The Gilded Age – the era so famously put into words by Mark Twain and others at the turn of the century – isn’t on the forefront of high school students’ minds, at least not yet.
|Ryan Fontanella |
Ryan Fontanella, a 30-year-old graduate student at the University of Houston-Victoria, is on a mission to bring the end of the 19th century to life for his history students at Robert G. Cole High School in San Antonio.
Fontanella is one of 30 teachers across the nation selected for an all-expenses paid, competitive seminar in July at Stanford University in Palo Alto, Calif.
“It’s one of those time periods I don’t like very much and my students don’t like very much, either,” Fontanella said about the Gilded Age. “I thought honesty would be the best route. I pretty much told them I dislike the Gilded Age.”

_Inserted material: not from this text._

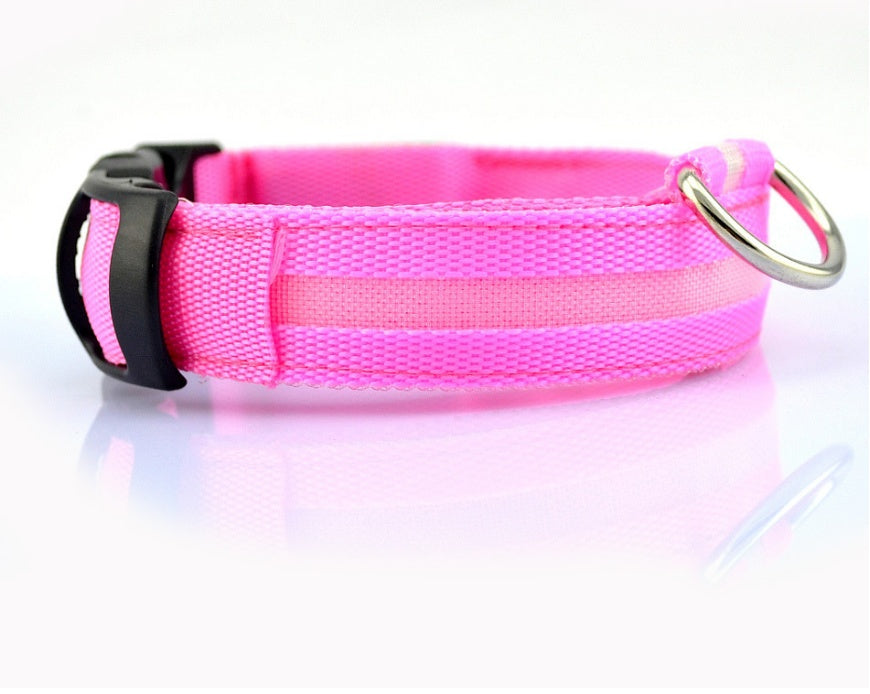 Pet Luminous LED Collar - The Pawfect Bargains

The seminar, which is put on by the New York-based Gilder Lehrman Institute of American History, will examine the Gilded Age and its modern parallels. Fontanella hopes to get new ideas for his classroom from the training and make the subject material more exciting and relevant.

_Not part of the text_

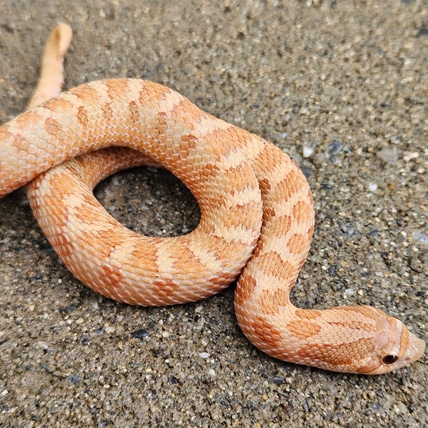 Mai Tai Western Hognose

Fontanella and his wife, Victoria, who also is a UHV student, enrolled while teaching in the Victoria Independent School District. They now live in San Antonio.

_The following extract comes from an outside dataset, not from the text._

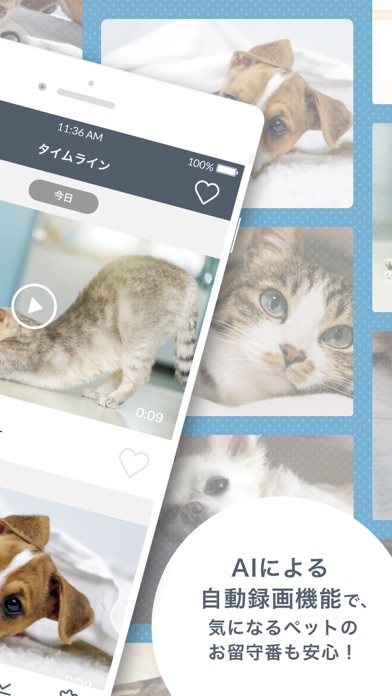 ペットみるん - ペット見守りカメラ アプリのおすすめ画像2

“UHV has been a great program for both my wife and I, and we recommend the online programs to a lot of our coworkers,” Fontanella said. “You can work on your own time and still make a connection with your professors.”
While he finishes his advanced degrees in history and homeland international security, Fontanella is looking toward a lifelong career inspiring high school and community college students to think critically about history.
With a double life as a sports coach, Fontanella said he also recommends UHV to students who play baseball.
“It’s nice to say that I like the school I’m attending, and I think others will be a good fit because they’re looking for academic rigor and a place they feel they can get along,” he said. “UHV is a good way to go.”